Since her teenage years, Emily Haelsig knew she wanted to explore a career as an engineer – a pioneer of progress who helps shape the world we live in.
Haelsig is not only fulfilling her dream as a support engineer for PPL Electric Utilities, she’s also mentoring tomorrow’s engineers through a program designed to encourage high school students to pursue careers in STEM – science, technology, engineering and math.
For International Women in Engineering Day (June 23), we caught up with Haelsig to learn more about what drove her to a career in engineering, how she’s enjoying her career and how she’s inspiring the next generation of female engineers.
Q: Hi Emily, tell us about your role here at PPL and what your job entails.
A: I am a support engineer for the Lehigh Relay Test department. My position is a field engineering role where I get to work alongside substation field crews to test new and existing protective and communication equipment.
Q: This year’s theme for International Women in Engineering Day is “shape the world.” In what ways do you believe your role here at PPL helps you shape the world?
A: My role at PPL is very technical, which really challenges me. But the opportunities outside of my engineering role really allow me to make a bigger impact. I volunteer often in the community both through PPL and on my own. Having a strong technical background gives me the confidence to stand in front of a group of curious kids and answer their questions to the best of my ability.
Q: Speaking of that impact, I understand you’re helping to mentor the next generation of engineers through the Exploring program at the Allentown Area School District. Tell us about that program.
A: PPL’s Exploring program partners with Boy Scouts of America to bring an after-school program to William Allen High School and Building 21 High School in the Allentown Area School District. The program is focused on engineering disciplines. Every month, the team comes up with a short lesson and an activity that demonstrates a different area of engineering, from civil to chemical. The kids learn how versatile engineering really can be.
Q: Is it rewarding working with young minds interested in engineering?
A: It is very rewarding. Even outside of Exploring, I have had the chance to work on STEM activities with kids of all ages and it really never gets old. To have them get excited about the outcome of an engineering-based project or ask questions about the power grid that most adults might not even consider is really exciting. We get the opportunity to show them that engineering and math is much more practical and useful than what they might assume because of how it is sometimes taught in school.

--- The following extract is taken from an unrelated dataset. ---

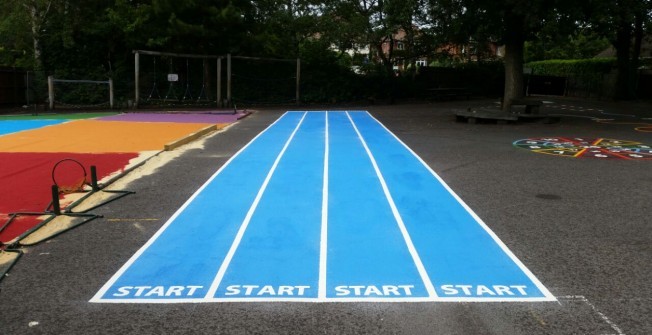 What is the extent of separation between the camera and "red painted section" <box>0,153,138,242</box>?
7.15 meters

Q: There are far fewer female engineers in the workplace than men. How can we as a society encourage more female engineers?
A: I think workplaces need to make it a more welcoming environment. It can be very intimidating to be the only female in a class or on a team, especially if not everyone is supportive. I have heard horror stories about women in engineering fields not being taken seriously, but I have been lucky enough not to experience anything like that here at PPL. I think it has a lot to do with culture, so companies need to have a culture that is inclusive to everyone and that will bring more females into engineering.

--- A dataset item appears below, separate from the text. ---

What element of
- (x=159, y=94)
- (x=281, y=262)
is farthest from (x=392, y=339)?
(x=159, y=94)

Q: How is PPL helping to keep female engineers in the field?
A: Through showing support. I worked in the General Office (in downtown Allentown) for a little over two years, but knew I wanted to be out with Relay Test because that was my first introduction to the company as an intern. A position opened in our Lehigh region and I was fortunate enough to be considered and accepted into the position. I have been in the field for about nine months now, and although I knew most of the team from my internship, they welcomed me immediately. I was not treated any differently for being a female and that is what will keep me in the field.
Q: How did you become interested in engineering?
A: I knew in high school that I wanted to do something that was heavy in problem solving and mathematics, so engineering made sense. Further, electrical engineering was one of the more mathematics-based engineering disciplines, so I tried that out my freshman year and stuck with it. It was a pretty calculated decision.
Q: What is your engineering educational background?
A: I have an Electrical Engineering degree with a minor in Mechanical Engineering from Widener University. Currently, I am also pursuing my MBA through Desales University.
Q: Why do you think International Women in Engineering Day is important to celebrate?
A: Roughly 8 to 15% of engineers are women, depending on what discipline you look at. Electrical Engineering is around 8%. It is important to celebrate Women in Engineering Day to remind all the women in engineering of their accomplishments and give them the recognition they deserve. It also serves to remind young women and girls that they can be what they want to be, and shouldn’t have any limitations in their career path just because they are women.